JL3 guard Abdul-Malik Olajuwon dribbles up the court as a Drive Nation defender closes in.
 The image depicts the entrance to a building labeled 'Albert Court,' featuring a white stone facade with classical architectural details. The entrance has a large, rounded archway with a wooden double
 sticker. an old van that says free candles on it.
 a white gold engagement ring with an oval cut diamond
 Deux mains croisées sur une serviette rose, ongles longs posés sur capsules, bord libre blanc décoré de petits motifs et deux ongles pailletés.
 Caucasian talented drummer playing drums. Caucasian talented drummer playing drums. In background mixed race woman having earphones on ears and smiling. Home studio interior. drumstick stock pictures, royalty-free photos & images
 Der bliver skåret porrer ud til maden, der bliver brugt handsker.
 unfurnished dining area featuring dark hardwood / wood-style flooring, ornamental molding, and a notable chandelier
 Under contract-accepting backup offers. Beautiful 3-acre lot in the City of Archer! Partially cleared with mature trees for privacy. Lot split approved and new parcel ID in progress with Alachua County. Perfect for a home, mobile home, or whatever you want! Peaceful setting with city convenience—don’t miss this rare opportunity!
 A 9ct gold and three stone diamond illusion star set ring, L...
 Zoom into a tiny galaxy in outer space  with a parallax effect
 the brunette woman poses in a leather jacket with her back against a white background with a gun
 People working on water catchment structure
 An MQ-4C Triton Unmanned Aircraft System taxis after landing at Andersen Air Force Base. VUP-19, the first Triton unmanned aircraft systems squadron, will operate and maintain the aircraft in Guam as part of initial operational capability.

^^^^^^^^^^^^^^^^

* BRIEF: Write the entries out once more, exactly as they were given.

* SOLUTION TO THE EXERCISE:
JL3 guard Abdul-Malik Olajuwon dribbles up the court as a Drive Nation defender closes in.
 The image depicts the entrance to a building labeled 'Albert Court,' featuring a white stone facade with classical architectural details. The entrance has a large, rounded archway with a wooden double
 sticker. an old van that says free candles on it.
 a white gold engagement ring with an oval cut diamond
 Deux mains croisées sur une serviette rose, ongles longs posés sur capsules, bord libre blanc décoré de petits motifs et deux ongles pailletés.
 Caucasian talented drummer playing drums. Caucasian talented drummer playing drums. In background mixed race woman having earphones on ears and smiling. Home studio interior. drumstick stock pictures, royalty-free photos & images
 Der bliver skåret porrer ud til maden, der bliver brugt handsker.
 unfurnished dining area featuring dark hardwood / wood-style flooring, ornamental molding, and a notable chandelier
 Under contract-accepting backup offers. Beautiful 3-acre lot in the City of Archer! Partially cleared with mature trees for privacy. Lot split approved and new parcel ID in progress with Alachua County. Perfect for a home, mobile home, or whatever you want! Peaceful setting with city convenience—don’t miss this rare opportunity!
 A 9ct gold and three stone diamond illusion star set ring, L...
 Zoom into a tiny galaxy in outer space  with a parallax effect
 the brunette woman poses in a leather jacket with her back against a white background with a gun
 People working on water catchment structure
 An MQ-4C Triton Unmanned Aircraft System taxis after landing at Andersen Air Force Base. VUP-19, the first Triton unmanned aircraft systems squadron, will operate and maintain the aircraft in Guam as part of initial operational capability.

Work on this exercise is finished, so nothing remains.